Die Weimarer Republik ist politisch daran zugrunde gegangen, daß sie einerseits weder willens noch imstande war, die sich bildenden halbmilitärischen Verbände entscheidend zu beschränken, auf der anderen Seite die nach Bindung und Verpflichtung drängenden jungen Kräfte in Pflicht zu nehmen, weil dem der Versailler Vertrag entgegenstand. Aber gebunden müssen solche Kräfte werden; die Rückverweisung auf die Einzelexistenz reicht nicht aus und bleibt so ein wirklichkeitsfremdes Postulat. Weil totalitäre Staaten die freie Verbandsbildung fast völlig aufheben, welche auch mit unpolitischen Zwecksetzungen ein Politikum bleibt, müssen sie alle Verbände in den Staat hineinziehen — und sei es noch so gewaltsam und künstlich; sie müssen jedermann in ständiger Bewegung halten, damit nicht dieser Gegenpol wiedererscheint. Das ist wiederum nur dadurch möglich, daß die Kräfte der Hingabe und Anhängigkeit in einer übertriebenen und gewaltsamen Weise vom und für den Staat gefordert werden. Anderseits nimmt ein allzusehr von der vereinsmäßigen Selbstorganisation her aufgebautes Gemeinwesen der notwendigen Heteronomie des Staates die innere Bindungskraft. Dieses Polaritätsverhältnis läßt sich nicht grundsätzlich rationalisieren, sondern nur durch die Erhaltung traditioneller Verbandsformen bis zu einem gewissen Grade stabilisieren, weil diese allmählich bedeutende Objektivität gewinnen. Der totale Staat wie der Vereinsstaat sind einander entsprechende Mißbildungen. Hier werden Grenzen und Grenzwerte deutlich, die in anthropologischen Grundstrukturen angelegt sind.

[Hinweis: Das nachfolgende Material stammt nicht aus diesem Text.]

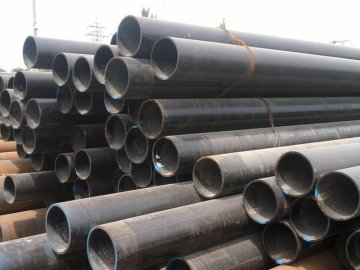 Carbon steel pipes and tubes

Wiederum erscheinen hier nebeneinander, wenn auch wie überall, in naher Beziehung der Angriff auf die heteronome Gewalt wie der Mißbrauch der positiven Verbindung. Der Mensch in seiner Selbstmächtigkeit und verantwortlichen Eigenmächtigkeit steht dem einzelnen Mitmenschen wie der Gemeinschaft als Mächten gegenüber, zu denen er sich in zweifacher Weise verhalten kann und die in zweifacher Weise auf ihn wirken. Die Mächtigkeit des

|37|

Menschen ist wie alle Mächtigkeit zugleich sowohl tremend wie fascinos. Diese Grundbestimmtheit des Menschen hält ihn in einem sehr konkret begrenzten Raum seines rechtlichen Lebens. Überschreitet er diese Grenzen, so ruft er mit Notwendigkeit die Reaktion des Strafrechts hervor. Der Mensch ist nicht explizit, sondern implizit von den Grenzen seiner Existenz her zu bestimmen. Seine Existenz wird ebensosehr durch den Versuch gefährdet, sie mit dem Staate zur uneingeschränkten Deckung zu bringen, wie dadurch, diesen zu einem letztlich unverbindlichen, bedeutungslosen Außen seiner Eigentlichkeit und Innerlichkeit zu entwerten.